- Conference
- 2024 National Health Care Service Group Conference
- Date
- 6 December 2023
- Decision
- Carried
Conference notes that NHS Professionals provides temporary clinical and non-clinical staff to the NHS, as bank workers. Originally formed as a national staffing service in 2001, NHSP later became a Special Health Authority. Then in 2008 it was incorporated as a private limited company, owned by the Department of Health and Social Care.
In 2017 UNISON successfully fought alongside the campaign group ‘We own it’ to stop the Tory government privatising NHSP. Retaining it in public ownership was an important victory. Since then, NHSP’s involvement and reach across the NHS appears to have grown but the transparency with which it operates has not.
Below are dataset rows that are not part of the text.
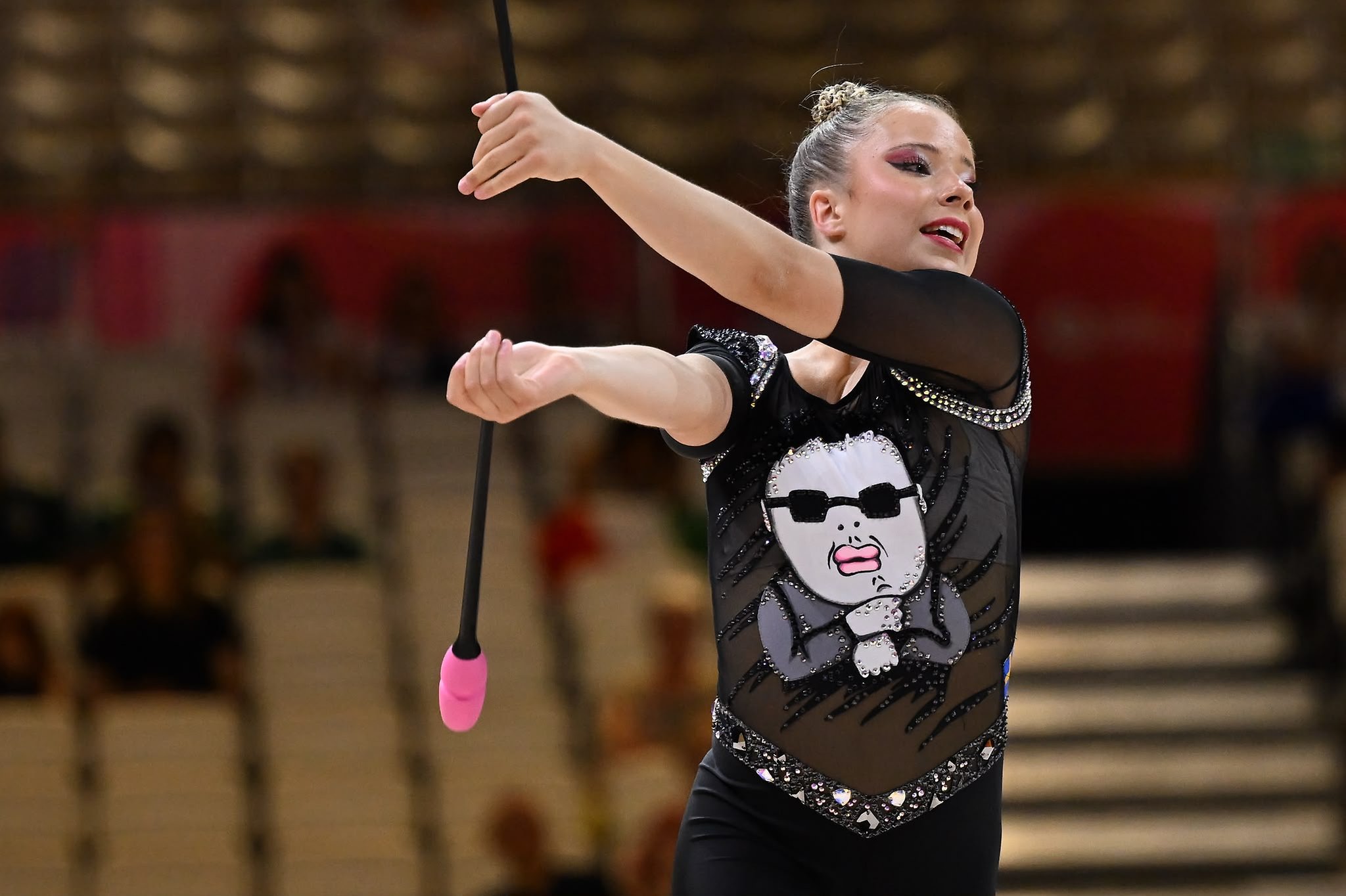 Gymnast i svart dräkt med en figur på framsidan. Håller i två käglor.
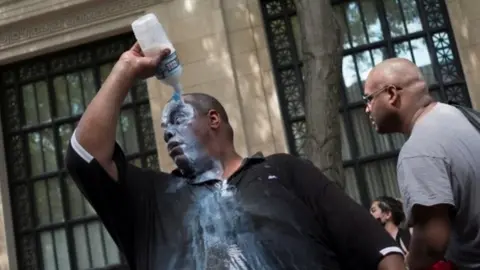 Reuters A man douses himself with a liquid, most likely milk of magnesium, to cope with the effects of pepper spray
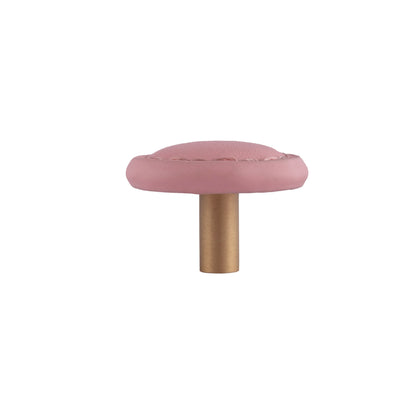 The Mantara L-0008 Sofia Round Knob is a modern leather knob in pink, ideal for cabinets and wardrobes.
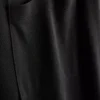 Camiseta larga con bolsillo de parche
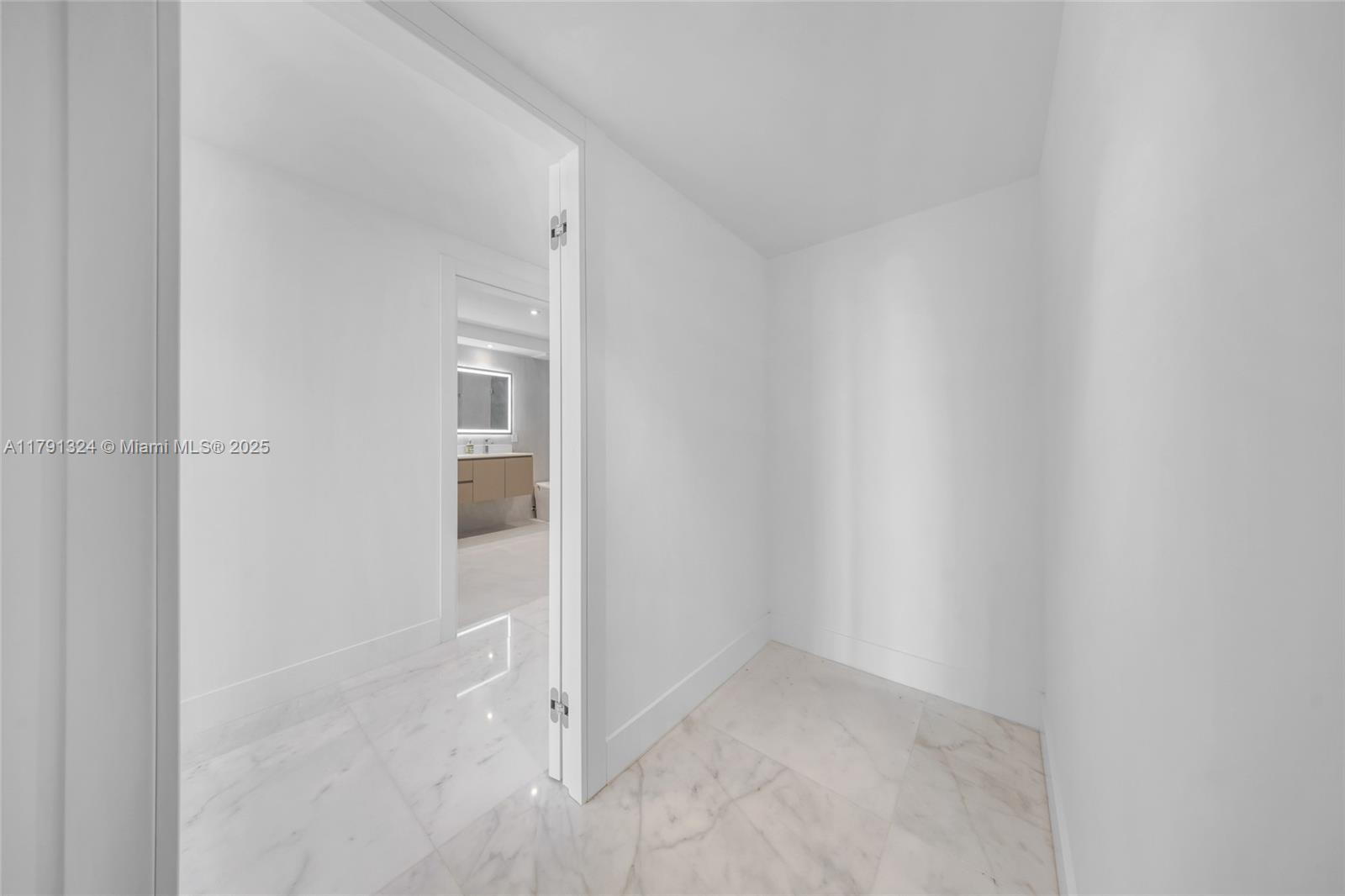 9801 Collins Avenue, Unit 17R Bal Harbour, FL 33154 - Photo 28 of 46 a view of an empty room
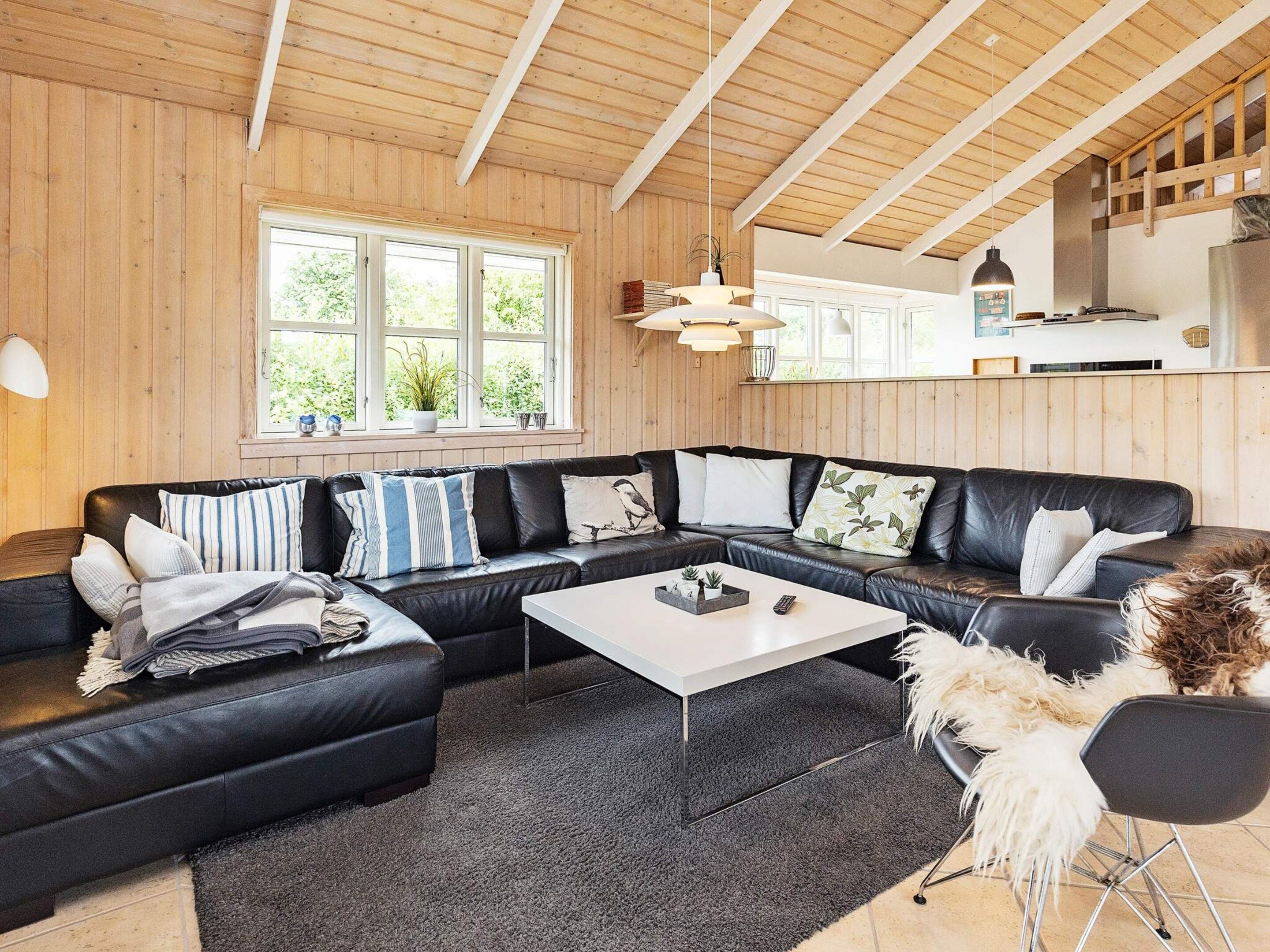 Een moderne woonkamer met een hoekbank, een salontafel en uitzicht op de keuken.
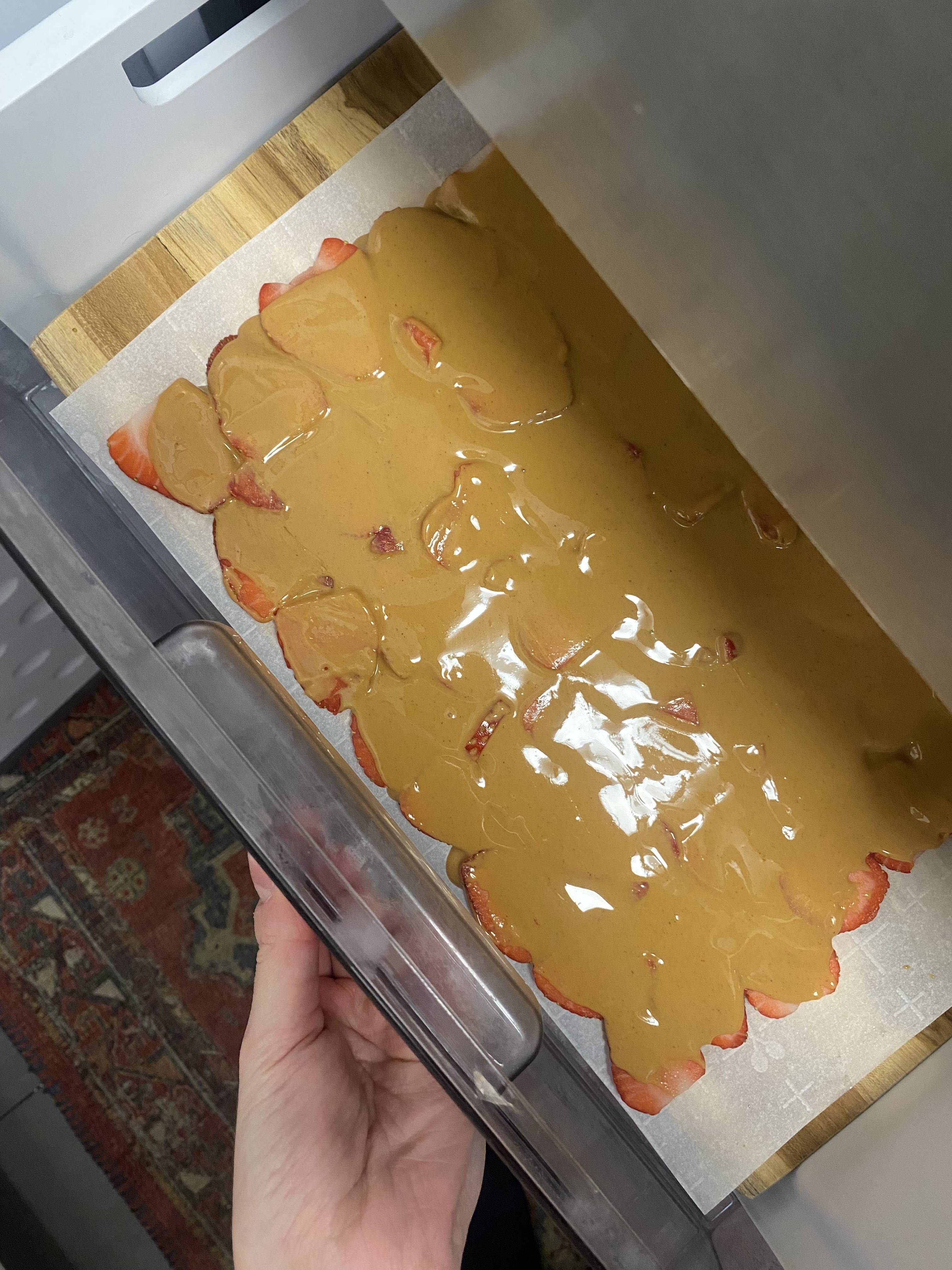 The strawberry peanut butter layer being put in a freezer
Conference notes that whilst NHSP remains in public ownership and is ‘wholly owned by the Secretary of State for Health’, it does not recognise or bargain with trade unions, and information about what happens to its profits is hard to find.
Conference is concerned at the lack of support for internal (Trust operated) banks, as an increasing number of employers are choosing to bring NHS Professionals in to run their banks. The lack of transparency within NHSP, and its refusal to engage with or recognise trade unions, presents a serious challenge to UNISON branches and their ability to negotiate pay rates for bank workers, or represent them on grievance and disciplinary matters.
During 2023, UNISON’s health group executive identified a number of concerns about NHSP, which warrant further examination. These include the lack of published terms and conditions, policies, rights and responsibilities for NHSP bank workers, and lack of access to the NHS pension scheme. It is also concerned about the potential for NHSP staff to be used during periods of industrial action by directly employed NHS staff.
Conference agrees to support a plan of action to have NHS Professionals more clearly recognised and accountable as a part of the NHS. It calls on the Health Service Group Executive to develop a political campaign plan seeking full transparency, public accountability, and trade union recognition within NHSP, with initial scoping actions to include the following:
1. survey UNISON members employed or deployed by NHSP to find out what concerns them and whether they would support a demand for TU recognition and negotiating rights within NHSP.
2. develop a briefing for branches and regions, outlining UNISON’s concerns about NHS Professionals and why greater transparency, public accountability and trade union recognition is an important objective for the union; and providing guidance on how branches can respond where organisations are considering bringing NHSP in
3. use the Freedom of Information Act to submit searching questions to NHS Professionals about its business activities, its finances, and its treatment of staff, and if appropriate, commission a piece of focused research into the business of NHSP.
4. engage with a range of allies and influencers, including Labour’s shadow health team to raise awareness of our concerns about NHS Professionals’ lack of transparency.